Archiv der Kategorie: Politik

Netzwerkstaat folgt Nationalstaat

Einer der quirligsten neuen Intellektuellen ist der Unternehmer Balaji Srinivasan. Mit «The Network State: How To Start a New Country» hat der New Yorker mit indischen Wurzeln nun sein erstes Buch veröffentlicht. Kernthese: Nationalstaaten sind von gestern und werden auf lange Frist auseinanderbrechen und an Macht verlieren. An ihre Stelle treten Netzwerkstaaten, die sich im Internet formieren und sich irgendwann manifestieren und materialisieren. Den Prozess stellt sich Srinivasan vor als eine umgekehrte Diaspora: «eine Gemeinschaft, die sich zuerst im Internet bildet, online eine Kultur aufbaut und erst dann persönlich zusammenkommt, um Wohnungen und Strukturen zu bauen.»

Ein Luftschloss? Srinivasan argumentiert, dass eine solche Ablösung möglich werde aufgrund des Wandels von der handfesten Welt des Materials zur nicht mehr leicht fassbaren Welt der Informationen. Bis ins Jahr 2020 habe die materielle Welt vorgeherrscht, seither gelte das Primat der Onlinewelt: «Früher war die physische Welt primär und das Internet der Spiegel. Jetzt hat sich das umgedreht. Die digitale Welt ist primär und die physische Welt ist nur der Spiegel. Wir sind natürlich immer noch physische Wesen. Aber wichtige Ereignisse passieren zuerst im Internet und materialisieren sich später, wenn überhaupt, in der physischen Welt.» Den Beleg dafür liefert er gleich selbst, eine Printversion des Buchs sucht man nämlich vergebens. Zwar gibt es das Werk auf Amazon für den Kindle zu kaufen, alle Inhalte sind aber frei verfügbar auf thenetworkstate.com.
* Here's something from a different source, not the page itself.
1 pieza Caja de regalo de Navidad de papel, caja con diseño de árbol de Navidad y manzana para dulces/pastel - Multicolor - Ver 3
Das Buch sprüht vor steilen Thesen, deren Eintreten in die Realität man sich nicht alle sogleich vorstellen kann. Dass sich jedoch Ideen erst später manifestieren, zeigt die Geschichte. Die Umsetzung folgt der Idee, der Baum wächst aus dem gesetzten Samen – bis das Werk fertig ist, und der Baum gross, dauert es. Auch ist ein Trend zur Abnahme einer lokalen oder nationalen Verbundenheit bereits jetzt gut zu beobachten. Einige Wiediker, Solothurner, Tessiner, Schweden oder US-Amerikaner wollen sich nicht mehr zuerst über ihre Wurzel oder ihren Aufenthaltsort definieren, sondern lieber Europäer, Bitcoiner, Veganer, Metalheads, Feministen, Beliebers oder Weltbürger sein. Auch supranationale Netzwerke wie die UNO, NATO, EU, WHO und andere gewinnen, zunächst in der Diskussion, aber zunehmends auch in der Realität, an Macht.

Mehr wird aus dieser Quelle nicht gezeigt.